Culture

«Lac noir», balade inspirée avec l'amour et la mort

Temps de lecture : 2 min

Sur les chemins du Sud de la France, le premier long métrage de Jean-Baptiste Germain est une troublante quête, violente et spirituelle.

Bruno Dauphin et Clémentine Billy
Bruno Dauphin et Clémentine Billy

Il est rare de rencontrer un film, a fortiori un film français, en n’ayant pas la moindre idée de ce qu’on va voir. Il est beaucoup plus rare encore, et en l’occurrence tout à fait réjouissant, de découvrir ensuite ce film, séquence après séquence, en gardant le même sentiment d’imprévisible et de singularité.

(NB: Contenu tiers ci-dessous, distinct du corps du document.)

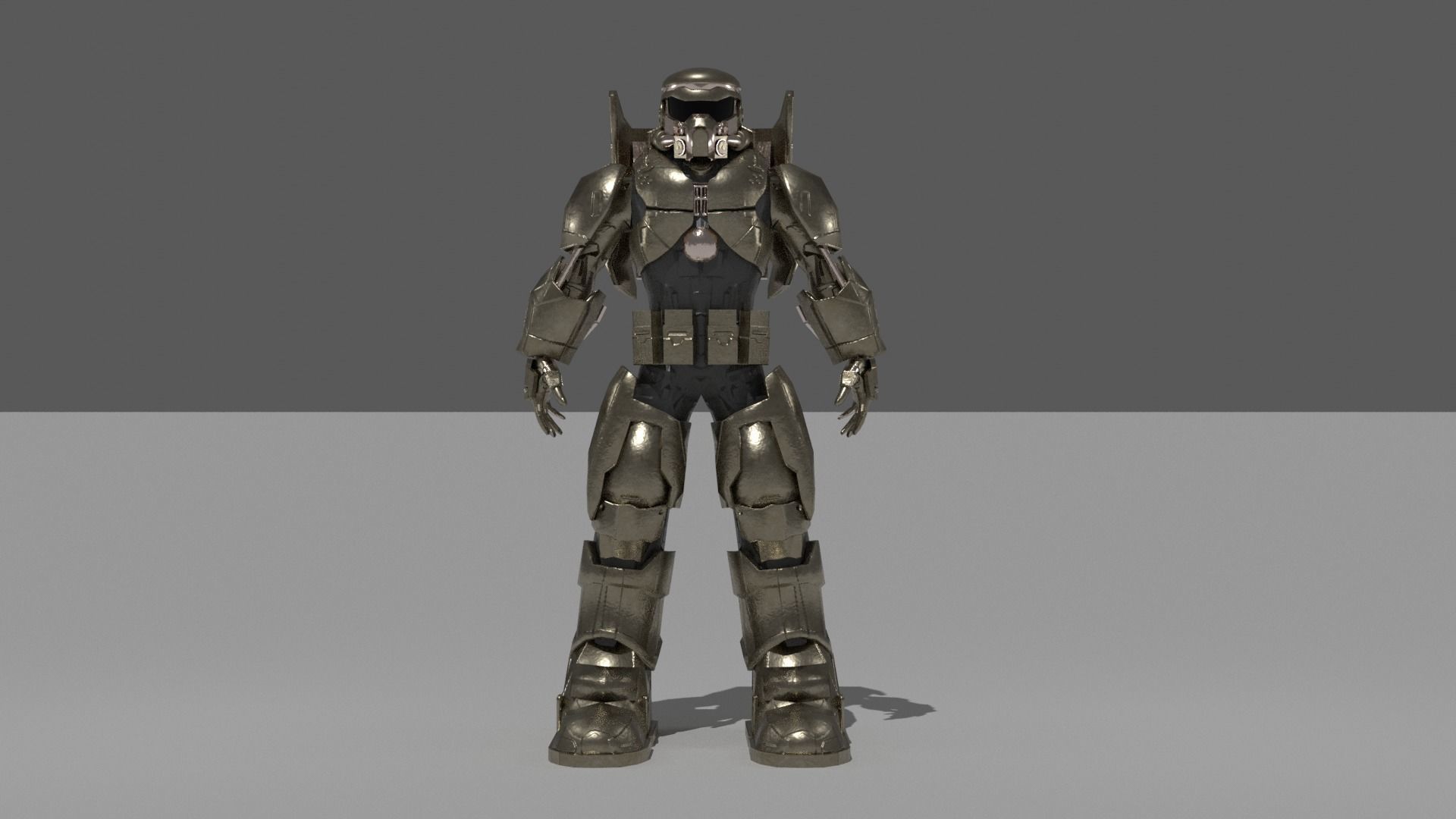 futuristic armor Low-poly 3D model_1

Lac noir est le premier long métrage d’un réalisateur, Jean-Baptiste Germain, dont on confesse n’avoir jamais entendu parler avant, bien qu’il ait signé des courts et des documentaires. Les autres noms à l’affiche n’en disent pas davantage. Mais surtout…

Surtout il y a la séquence d’ouverture, avec cet homme parlant, face caméra. L’image est en noir et blanc, le format est celui, ancien, du 1,33.

Promenade amoureuse

Cet homme est prêtre, il parle de son frère malade, mourant. Il parle de miracle et de prière. Ce pourrait être ridicule, ou indifférent, c’est bouleversant de justesse, de présence humaine. Présence humaine: le visage, la parole. C’est tout, ça suffit.

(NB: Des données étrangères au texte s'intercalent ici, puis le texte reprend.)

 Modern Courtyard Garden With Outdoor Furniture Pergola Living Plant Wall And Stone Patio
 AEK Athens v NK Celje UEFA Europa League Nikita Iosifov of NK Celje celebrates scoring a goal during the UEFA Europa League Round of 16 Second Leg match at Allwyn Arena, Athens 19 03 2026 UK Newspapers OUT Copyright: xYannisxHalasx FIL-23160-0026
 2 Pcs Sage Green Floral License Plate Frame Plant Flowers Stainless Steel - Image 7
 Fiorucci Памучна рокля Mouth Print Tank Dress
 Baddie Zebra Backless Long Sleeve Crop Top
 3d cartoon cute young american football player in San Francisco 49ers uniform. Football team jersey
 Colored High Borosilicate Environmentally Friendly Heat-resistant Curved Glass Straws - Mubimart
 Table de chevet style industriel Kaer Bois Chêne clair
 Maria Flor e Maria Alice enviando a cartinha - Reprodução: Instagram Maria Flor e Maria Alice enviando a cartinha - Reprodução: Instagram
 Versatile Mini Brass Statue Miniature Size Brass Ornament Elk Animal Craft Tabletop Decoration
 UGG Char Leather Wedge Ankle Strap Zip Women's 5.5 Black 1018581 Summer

Cet homme dont on ne sait rien disparaît, il reviendra bien plus tard. Nous voici ailleurs, dans la campagne, le long d’une rivière. Un garçon et une fille, ils marchent, c'est une promenade amoureuse, mais pas seulement.

À nouveau ailleurs, à nouveau plein cadre, elle raconte sa rencontre avec lui.

Lui, Bruno, est impressionnant, inquiétant, émouvant. Une force physique, une fragilité, un côté très sombre. Elle, elle l’aime, voilà. Le film suivra leur chemin, vers une destination, peut-être imaginaire, qu’il s’est assigné: le lac noir de son enfance.

Du côté des mythes

Par facilité peut-être, on songe à Robert Bresson, à Au hasard Balthazar surtout. Il y a cette urgence de chaque plan, ce côté intraitable et inquiet, à la fois très physique et très spirituel.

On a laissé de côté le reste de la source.